Août 1944. Après les bombardements et les incendies du bourg, les choses se compliquent. Pour les Religieuses, il n’est plus possible de rester toutes au couvent ; il faut songer à se disperser : un premier groupe part pour Penquesten en « voitures cars Marine », avec meubles, literie… Un deuxième part pour le Gorvello où elles ont encore les locaux qui servaient au camp scolaire ; elles y resteront enseigner aux enfants jusqu’à la fin de la guerre. A Caudan, restent quatre sœurs : la mère supérieure, sœur Hélène, sœur François et sœur Julienne ; elles furent affiliées à la Croix-Rouge, ce qui facilita leur tâche quand elles circulaient dans la campagne… mais la vie au bourg est de plus en plus intenable, elles ne peuvent plus dormir à la communauté et trouvent refuge dans un premier temps à Mané Guillo chez M. le Maire, puis à St Séverin chez Mme le Crenn, et plus tard chez M. Monnier à Kervininen. Les sœurs de Kergoff doivent elles aussi quitter le château qui sera incendié par les bombes quelques jours plus tard…
Bientôt elles ne furent plus que deux à rester, sœurs Hélène et Léonie ; elles durent se retirer à St Sulan dans une villa appartenant à la famille Royant. Elles y restèrent 7 mois durant lesquels elles « n’eurent qu’à louer la gentillesse et la générosité des fermiers qui les entouraient ; pour eux, c’était à savoir qui rendrait le plus service à ces sœurs restées parmi eux pour les consoler et les soigner ». L’abbé Jeffredo et sa servante (Louise Bardouil) se joignirent à elles. Le dimanche l’abbé Jeffredo célébrait deux messes à la chapelle du Trescöet pour les Caudanais qui restaient et les Américains qui se joignaient à eux : « Ils pratiquaient leur foi sans fard ni respect humain ».
Le 7 mai 1945 la guerre se termine, et nos deux religieuses rejoignent le couvent. « Pendant huit jours nous dûmes toutes deux nettoyer la maison pleine de malpropretés de toutes sortes, occasionnées par la troupe et la guerre durant ces 9 mois de la poche de Lorient ; nous arrangeons la chapelle où notre Seigneur vient résider de nouveau. C’est dans cette pièce que pendant deux mois se célébra le Saint Sacrifice de la messe chaque jour ; qu’on administra le baptême et fit les enterrements et comme on ne pouvait monter le cercueil, on le laissait en bas à la porte pendant qu’on célébrait l’office ».

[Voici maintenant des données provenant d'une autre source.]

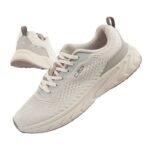 CMP Nhekkar Wmn Multisport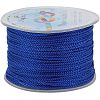 Nylon Threads NWIR-OC0002-368-1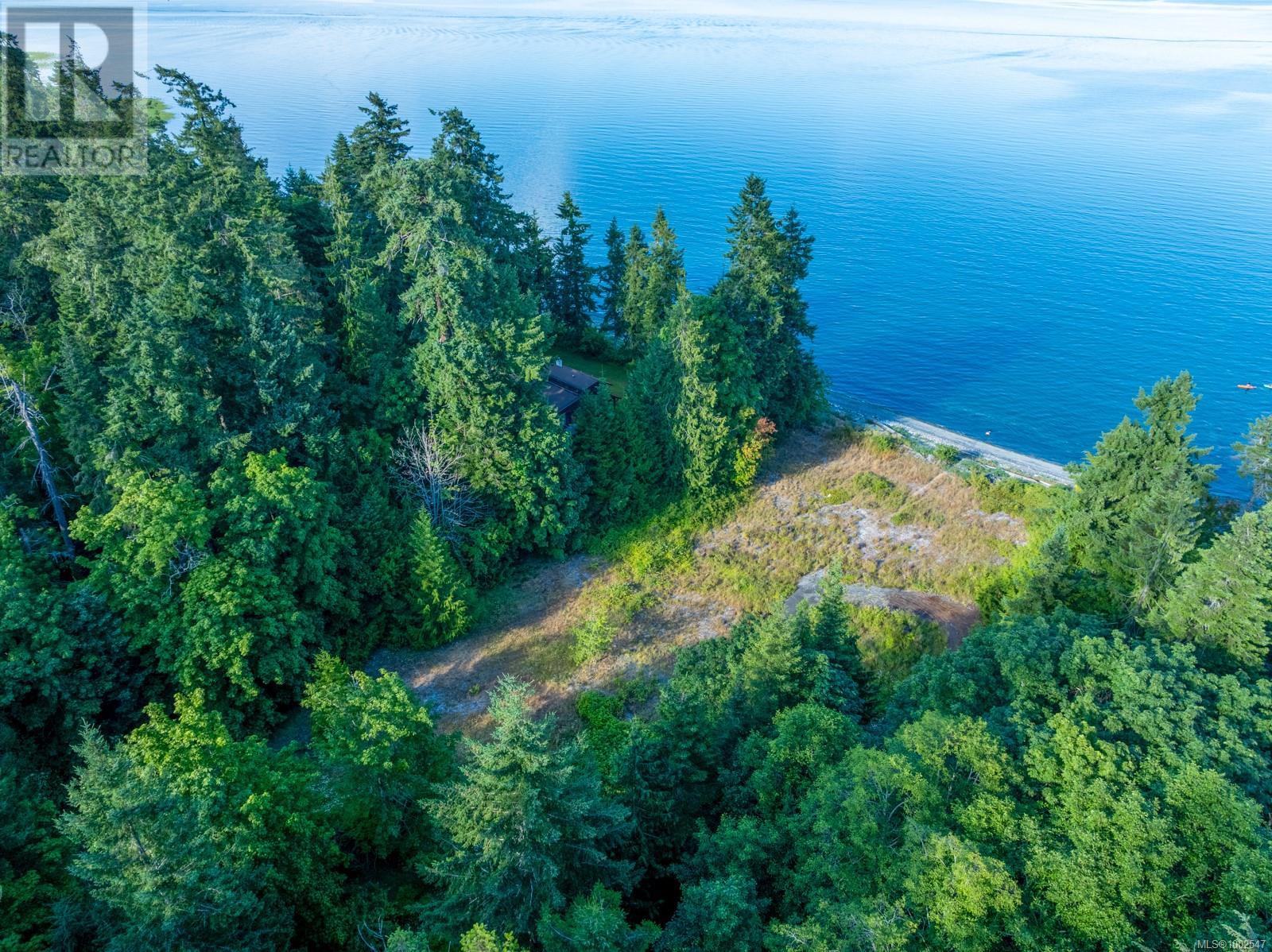 4218 Island Hwy S, Courtenay, British Columbia  V9N 9R8 - Photo 39 - 1002547
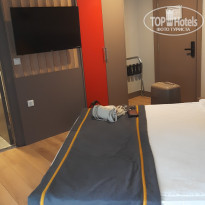 фото из отзыва ID 2740935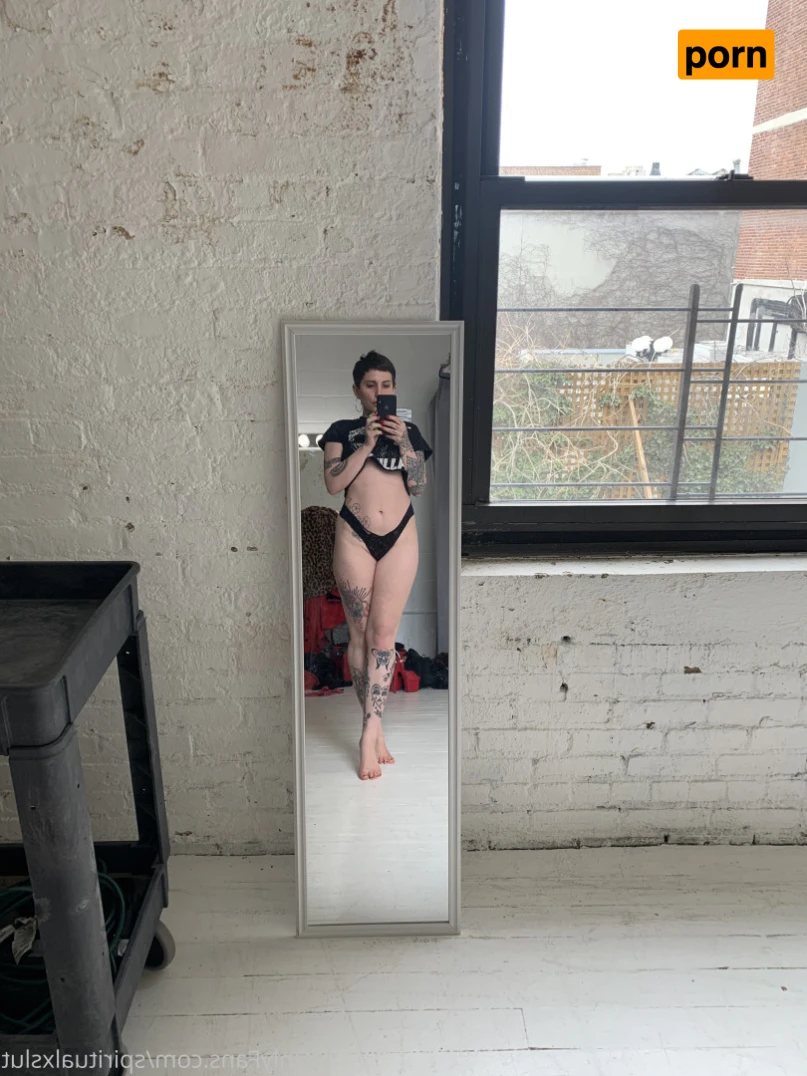 spiritualxslut 16183950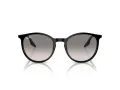 Ray-Ban Lunettes de Soleil RB 0RB2204 901/32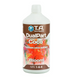 Упаковка Terra Aquatica DualPart Coco Bloom (Flora Coco Bloom) 500 мл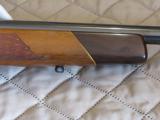 SAKO L579 Forester Deluxe .243 - 4 of 26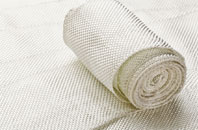 Standen Street fibreglass roofing repairs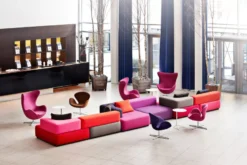 Fritz Hansen Swan Chair Loungestoel Divina 623, Polished Aluminium 25 Fritz Hansen Swan Chair Loungestoel Divina 623, Polished Aluminium -Beste Meubelcollectie Winkel x886x886 fritz hansen swan chair loungestoel sfeer1.jpg.pagespeed.ic .iD oAMPOJs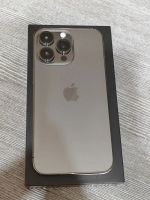Лот: 21173464. Фото: 3. iPhone 13 Pro 128Gb. Красноярск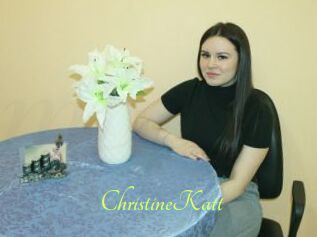 ChristineKatt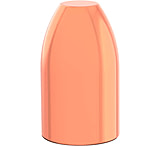 Image of Accura Bullets Premium Powerbond Bullets 9mm .356in 147 gr FP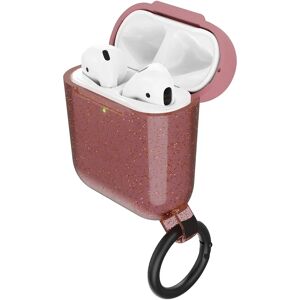 OtterBox Ispra Series Earphone Case - Pink OtterBox Ispra Series Earphone Case - Pink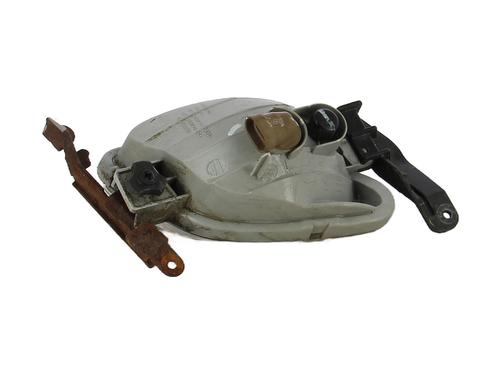 Right front fog light KIA VENGA (YN) 1.6 CRDi 115 | BP30980408C31 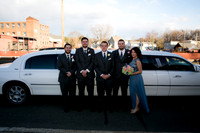1272formals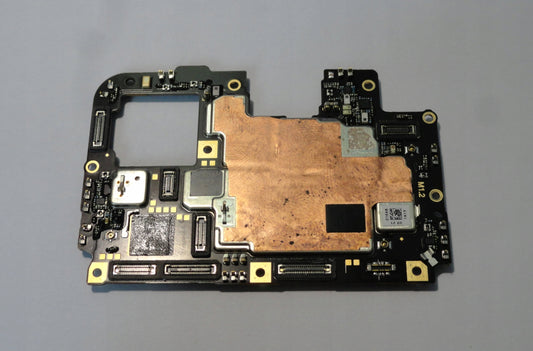 Realme GT 2 Motherboard
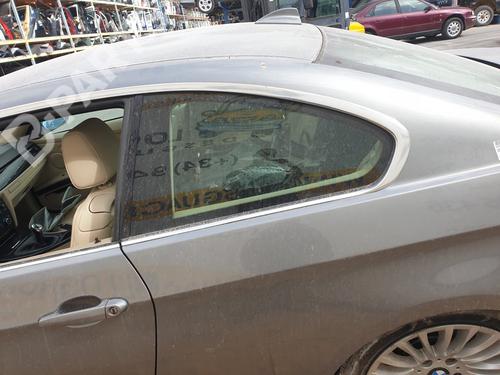 Front right lock BMW 3 Coupe (E92) 320 d | BP10690493C97  - Image 35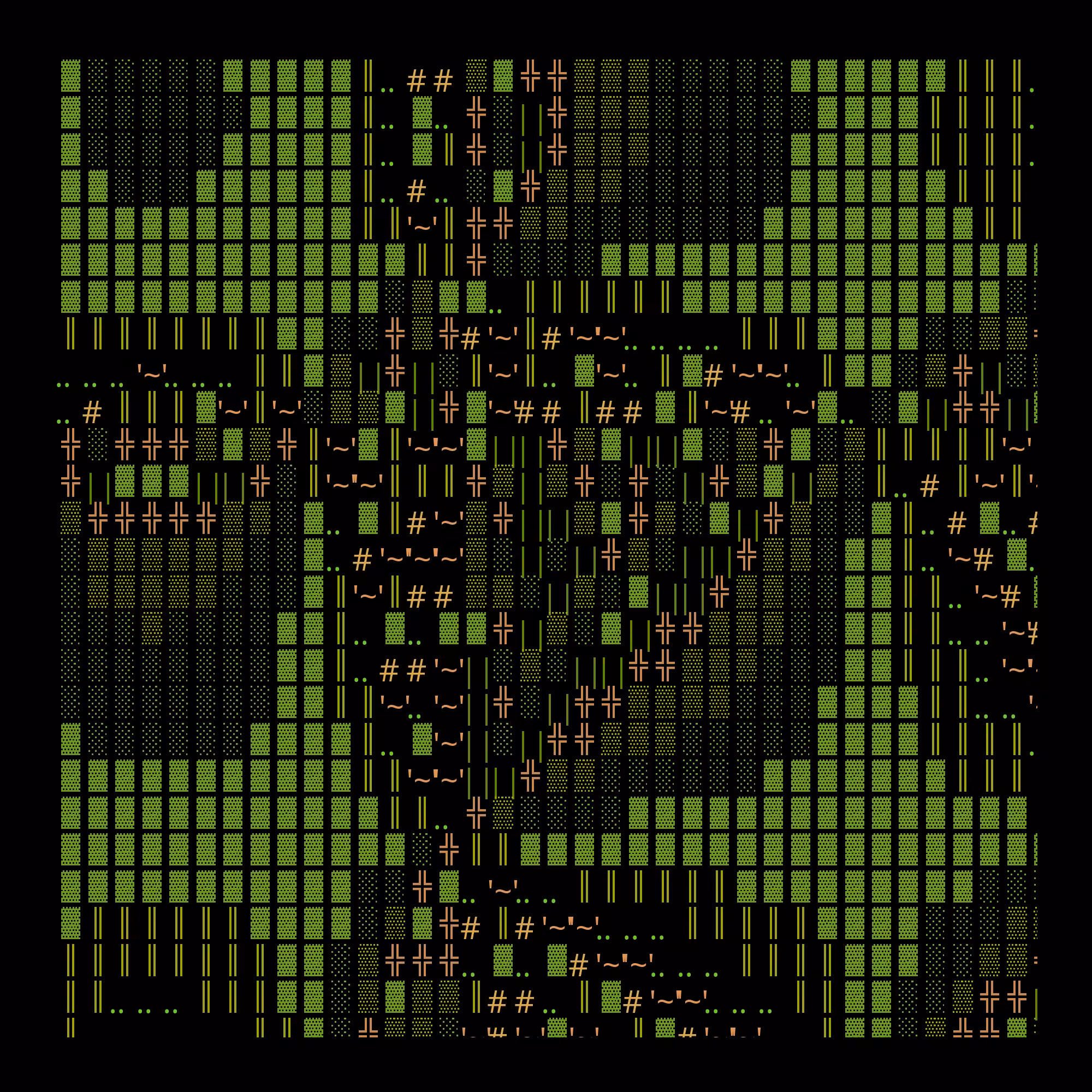 g l y p h #228302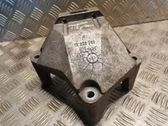 Halterung Lager Motor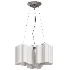 SL 116 503 03 Chandelier By ST Store - Thumbnail 2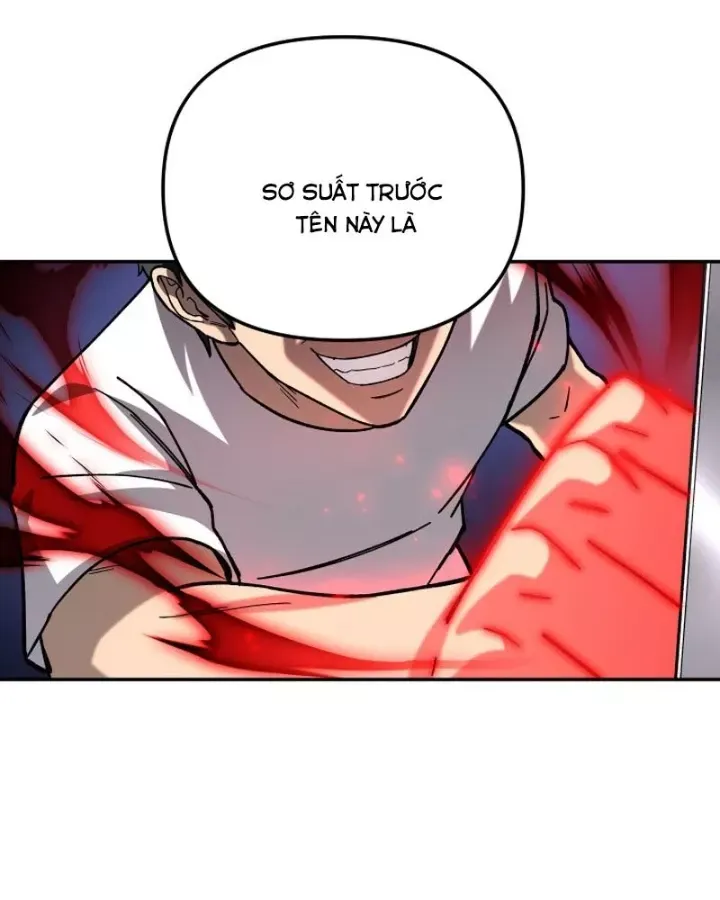 Thiên Ma Giáo - Chapter 22 - Page 123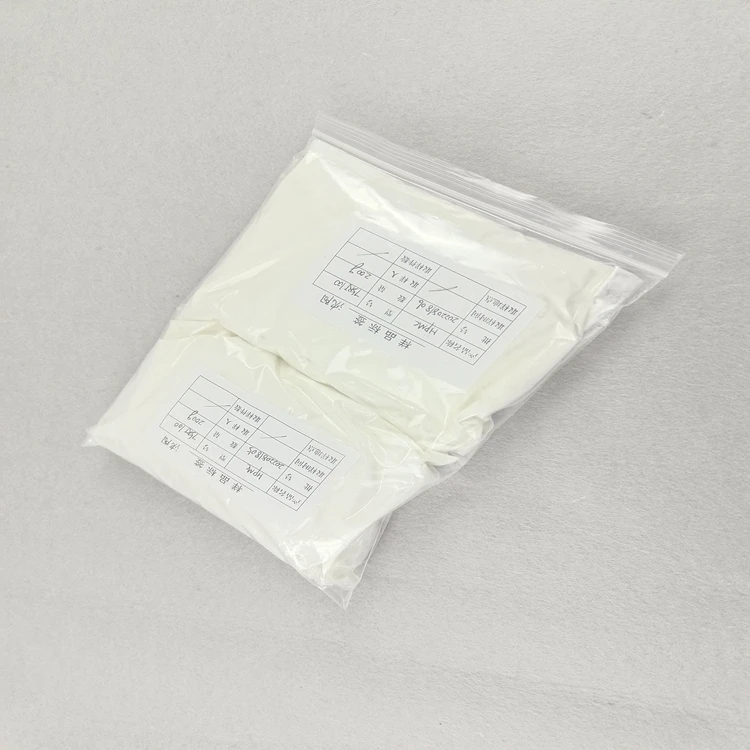 High quality purity Factory Direct Supply wholesale  Se Tylose Hpmc Price hydroxypropyl methyl cellulose for industry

Environ un mois après la fin de la guerre, les habitants évacués purent retourner chez ce qui fut chez eux ! Ils croyaient y trouver ce qu’ils avaient laissé, hélas pour beaucoup ce n’était plus que ruines….comment vivre dans de telles situations ? L’entraide s’organise ; avec l’appui de M. Le Maire, Monsieur Le Léannec, nos deux religieuses aidées de Melle Méheust se mettent au travail : « nous distribuons aux habitants les premiers articles de ménage, la literie ; leur détresse est navrante et leur état bien digne de pitié ».
Les autres religieuses rentrent à leur tour et toutes se mettent à la disposition des malheureux « C’était pour toutes un surcroît de fatigue après une année de dévouement au Grégo mais cette fatigue était compensée par la joie procurée à tous ces gens démunis de tout… ».
Ainsi se termine le récit (condensé) de la vie des religieuses des Filles du St Esprit durant la période 1939-1945 sur la commune de Caudan, grâce aux écrits laissés par l’une d’entre elles. Le but de notre bulletin était de faire connaître et de garder en mémoire cette vie dévouée au service des autres, puisse-t-elle servir d’exemple !...
NB : La photo représente sœur Hélène le 23 avril 1950, jour où elle a reçu la médaille de la Légion d’honneur des mains du Président de la République ; on reconnait M. le Sénateur Maire de Caudan Louis Le Léannec, Monsieur Vincent Auriol… La famille a fait don de cette médaille à la commune. Elle est exposée actuellement à « la maison du souvenir ».